A new report by the National Institute of Economic and Industry Research has concluded that the costs of not investing in new technology by miners will be steep, with a difficult next decade as companies move from investment to efficiency.
The report, released by IBM as part of its Smarter Planet initiative, forecasted the economic impact on seven industries through transforming the way they did business involving new technologies, including robotics, high-speed broadband, mobile devices, Big Data and cloud computing.
“This right now is the tipping point, we believe, where the risk of inaction outweighs the risk of action,” said Andrew Stevens, IBM Australia and New Zealand’s managing director, who conceded that the conclusions might be viewed with skepticism by some, given that the report was commissioned by a technology company.
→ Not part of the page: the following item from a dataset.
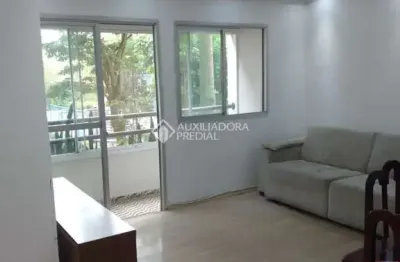 Apartamento com 2 quartos à venda na rua carlos martiniano de andrade bitencourt, 264, aviação, praia grande, 145 m2 por r$ 430.000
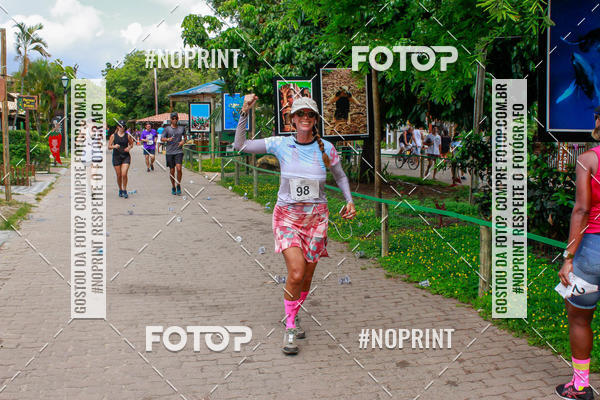 Buy your photos of the event15 Corrida Rstica de Praia do Forte on Fotop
The NIEIR’s Reinventing Australian Enterprises for the Digital Economy report considered what the year 2025 might look like for those in financial services, retail, mining, telecommunication, public administration, healthcare and higher education. It found that the era would be defined for firms by how well they adopted to new technology and used it to “deliver unique value to customers and citizens with the speed, efficiency and ubiquity they demand.”
For miners, it would be a critical time as the investment cycle switched from capital expenditure to capital efficiency.“I think the major point about the mining sector is that it’s going to come under more difficult times as commodity prices decline and their profitability is going to come under threat,” the NIEIR’s executive director, Dr Peter Brain, told Ferret.
He said that research found the differences between companies that transformed their operations and laggards was stark, and based on, “The extent to which the companies integrate their front office and their middle office with the mine and the back.
“Over the last few years with the expansion the back office in particular has grown rapidly and integration of the whole enterprise across the whole totality of operations has become somewhat fragmented.
“So what the leaders will do is invest heavily in new technology to integrate the front, middle and back office; much more remote control from remote operations, and looking across the entire supply chain, integrating not just simply pit-to-port, but pit-to-customer.”
The report mentioned Rio Tinto’s use of remote operations - citing its remote operation of its parts of its Pilbara mines from Perth - and use of automation and robotics to boost its productivity.
The research also modelled two companies with sales over slightly more than $8 billion for last year. It predicted that in 2025, the company that led in technological adoption would trump the other, and would triple the laggard’s market capitalisation and more than double its sales.